Start of Source information
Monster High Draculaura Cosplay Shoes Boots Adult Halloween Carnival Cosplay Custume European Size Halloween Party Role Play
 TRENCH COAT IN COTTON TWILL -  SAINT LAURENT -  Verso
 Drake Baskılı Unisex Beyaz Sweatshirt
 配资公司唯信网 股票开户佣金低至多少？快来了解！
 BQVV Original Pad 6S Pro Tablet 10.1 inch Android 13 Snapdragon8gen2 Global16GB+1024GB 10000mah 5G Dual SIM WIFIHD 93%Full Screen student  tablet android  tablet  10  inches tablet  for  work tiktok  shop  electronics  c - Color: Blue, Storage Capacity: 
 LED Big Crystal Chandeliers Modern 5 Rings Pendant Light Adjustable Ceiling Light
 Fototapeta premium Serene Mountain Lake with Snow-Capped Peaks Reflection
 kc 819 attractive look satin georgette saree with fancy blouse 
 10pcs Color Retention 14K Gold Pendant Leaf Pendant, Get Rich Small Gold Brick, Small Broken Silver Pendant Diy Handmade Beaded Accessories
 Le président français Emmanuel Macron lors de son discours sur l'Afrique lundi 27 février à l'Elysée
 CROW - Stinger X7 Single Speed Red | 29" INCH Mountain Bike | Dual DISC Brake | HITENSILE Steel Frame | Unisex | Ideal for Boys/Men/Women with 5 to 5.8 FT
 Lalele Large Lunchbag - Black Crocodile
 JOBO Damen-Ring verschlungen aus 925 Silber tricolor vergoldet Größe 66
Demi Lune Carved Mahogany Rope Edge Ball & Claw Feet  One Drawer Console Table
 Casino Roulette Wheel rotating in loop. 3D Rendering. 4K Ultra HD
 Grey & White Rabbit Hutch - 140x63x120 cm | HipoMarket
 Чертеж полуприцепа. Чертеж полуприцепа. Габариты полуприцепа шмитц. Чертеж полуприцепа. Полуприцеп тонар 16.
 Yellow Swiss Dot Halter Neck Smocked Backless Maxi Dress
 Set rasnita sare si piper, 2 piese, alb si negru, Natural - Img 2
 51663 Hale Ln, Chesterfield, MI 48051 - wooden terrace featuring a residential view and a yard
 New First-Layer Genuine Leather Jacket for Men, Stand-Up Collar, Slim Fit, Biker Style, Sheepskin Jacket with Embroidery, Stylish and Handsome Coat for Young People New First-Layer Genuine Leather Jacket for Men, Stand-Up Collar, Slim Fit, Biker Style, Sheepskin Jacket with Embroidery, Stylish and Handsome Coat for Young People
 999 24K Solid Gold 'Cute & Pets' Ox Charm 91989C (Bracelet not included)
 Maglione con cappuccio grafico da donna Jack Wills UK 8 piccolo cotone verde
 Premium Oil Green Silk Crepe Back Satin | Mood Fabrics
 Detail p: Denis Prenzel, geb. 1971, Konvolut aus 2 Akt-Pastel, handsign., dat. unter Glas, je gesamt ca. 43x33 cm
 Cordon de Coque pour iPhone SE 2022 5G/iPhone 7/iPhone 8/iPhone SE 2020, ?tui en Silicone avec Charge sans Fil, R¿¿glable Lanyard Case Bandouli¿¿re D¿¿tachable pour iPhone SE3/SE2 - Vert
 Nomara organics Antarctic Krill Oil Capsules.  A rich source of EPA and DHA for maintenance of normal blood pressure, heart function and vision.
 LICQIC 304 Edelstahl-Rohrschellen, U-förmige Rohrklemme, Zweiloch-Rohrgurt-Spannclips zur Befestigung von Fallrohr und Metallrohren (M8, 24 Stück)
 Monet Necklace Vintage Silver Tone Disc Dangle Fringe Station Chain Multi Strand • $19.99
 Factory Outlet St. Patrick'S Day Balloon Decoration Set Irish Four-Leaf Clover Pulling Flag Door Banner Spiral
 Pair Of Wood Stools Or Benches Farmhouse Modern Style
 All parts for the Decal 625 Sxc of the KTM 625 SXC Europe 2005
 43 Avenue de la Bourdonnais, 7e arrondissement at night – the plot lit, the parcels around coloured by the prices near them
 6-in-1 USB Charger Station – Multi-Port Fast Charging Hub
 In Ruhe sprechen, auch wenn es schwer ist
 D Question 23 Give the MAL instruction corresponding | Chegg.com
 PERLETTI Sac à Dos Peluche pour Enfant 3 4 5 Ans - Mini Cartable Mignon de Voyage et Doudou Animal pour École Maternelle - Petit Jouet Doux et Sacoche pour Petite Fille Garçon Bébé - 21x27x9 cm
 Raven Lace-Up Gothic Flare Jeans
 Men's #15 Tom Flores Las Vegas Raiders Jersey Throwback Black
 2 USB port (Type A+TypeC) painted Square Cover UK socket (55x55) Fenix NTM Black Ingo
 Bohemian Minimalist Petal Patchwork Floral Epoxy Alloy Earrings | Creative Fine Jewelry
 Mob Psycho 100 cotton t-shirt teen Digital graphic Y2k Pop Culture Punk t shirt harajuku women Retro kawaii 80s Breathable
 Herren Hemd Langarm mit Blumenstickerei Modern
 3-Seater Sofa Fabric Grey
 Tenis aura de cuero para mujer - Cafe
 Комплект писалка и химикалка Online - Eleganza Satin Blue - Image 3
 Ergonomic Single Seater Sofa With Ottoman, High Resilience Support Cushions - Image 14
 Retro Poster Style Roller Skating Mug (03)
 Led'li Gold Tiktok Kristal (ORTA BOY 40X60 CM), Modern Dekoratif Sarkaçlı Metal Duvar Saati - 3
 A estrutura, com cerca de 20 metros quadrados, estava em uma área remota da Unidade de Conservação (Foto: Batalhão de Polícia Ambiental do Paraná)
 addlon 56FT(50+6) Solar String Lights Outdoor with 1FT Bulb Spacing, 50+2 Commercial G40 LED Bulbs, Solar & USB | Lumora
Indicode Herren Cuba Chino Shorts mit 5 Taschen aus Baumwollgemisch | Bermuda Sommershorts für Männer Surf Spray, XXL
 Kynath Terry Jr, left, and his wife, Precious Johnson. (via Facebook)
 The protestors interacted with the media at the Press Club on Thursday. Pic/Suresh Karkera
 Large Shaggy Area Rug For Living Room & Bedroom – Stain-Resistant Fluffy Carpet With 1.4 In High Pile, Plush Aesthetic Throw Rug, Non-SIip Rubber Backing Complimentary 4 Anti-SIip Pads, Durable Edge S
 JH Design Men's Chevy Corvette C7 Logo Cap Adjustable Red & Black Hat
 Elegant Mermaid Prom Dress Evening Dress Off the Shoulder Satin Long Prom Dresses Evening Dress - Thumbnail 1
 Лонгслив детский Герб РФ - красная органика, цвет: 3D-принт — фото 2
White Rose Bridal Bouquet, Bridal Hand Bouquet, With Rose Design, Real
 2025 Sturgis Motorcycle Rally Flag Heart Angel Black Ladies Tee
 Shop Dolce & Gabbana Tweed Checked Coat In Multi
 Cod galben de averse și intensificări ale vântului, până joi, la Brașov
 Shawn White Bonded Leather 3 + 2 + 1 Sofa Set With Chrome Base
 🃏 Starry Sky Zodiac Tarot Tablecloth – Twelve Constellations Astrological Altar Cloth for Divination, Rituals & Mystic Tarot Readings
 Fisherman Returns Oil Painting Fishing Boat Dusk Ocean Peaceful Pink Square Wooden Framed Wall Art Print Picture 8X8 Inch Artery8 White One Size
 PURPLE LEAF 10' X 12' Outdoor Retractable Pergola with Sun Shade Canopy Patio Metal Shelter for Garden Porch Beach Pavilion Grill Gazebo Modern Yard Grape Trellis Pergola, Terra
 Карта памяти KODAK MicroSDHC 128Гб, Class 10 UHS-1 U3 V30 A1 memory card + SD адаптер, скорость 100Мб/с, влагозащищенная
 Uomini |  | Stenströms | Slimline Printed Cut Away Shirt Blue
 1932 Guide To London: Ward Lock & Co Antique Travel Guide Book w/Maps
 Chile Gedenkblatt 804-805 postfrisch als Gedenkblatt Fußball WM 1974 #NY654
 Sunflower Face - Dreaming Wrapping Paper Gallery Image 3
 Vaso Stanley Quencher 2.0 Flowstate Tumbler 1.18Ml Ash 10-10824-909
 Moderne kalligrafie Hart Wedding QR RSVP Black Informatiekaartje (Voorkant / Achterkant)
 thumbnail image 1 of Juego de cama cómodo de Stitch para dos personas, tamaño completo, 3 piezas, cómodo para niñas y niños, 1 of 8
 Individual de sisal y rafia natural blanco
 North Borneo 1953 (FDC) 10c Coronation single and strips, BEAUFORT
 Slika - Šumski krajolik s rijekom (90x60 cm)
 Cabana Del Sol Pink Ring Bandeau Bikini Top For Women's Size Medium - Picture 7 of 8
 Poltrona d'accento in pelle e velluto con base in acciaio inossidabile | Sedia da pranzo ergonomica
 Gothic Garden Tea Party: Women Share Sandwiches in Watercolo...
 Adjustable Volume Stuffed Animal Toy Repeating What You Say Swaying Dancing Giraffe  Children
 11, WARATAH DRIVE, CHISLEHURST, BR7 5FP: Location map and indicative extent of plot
End of Source information
• [Task brief] Please return only the lines above, starting at the line that has "Chile Gedenkblatt 804-805" and ending at the line that has "Vaso Stanley Quencher", keeping both and leaving each one unchanged.

• [Task answer]
 Chile Gedenkblatt 804-805 postfrisch als Gedenkblatt Fußball WM 1974 #NY654
 Sunflower Face - Dreaming Wrapping Paper Gallery Image 3
 Vaso Stanley Quencher 2.0 Flowstate Tumbler 1.18Ml Ash 10-10824-909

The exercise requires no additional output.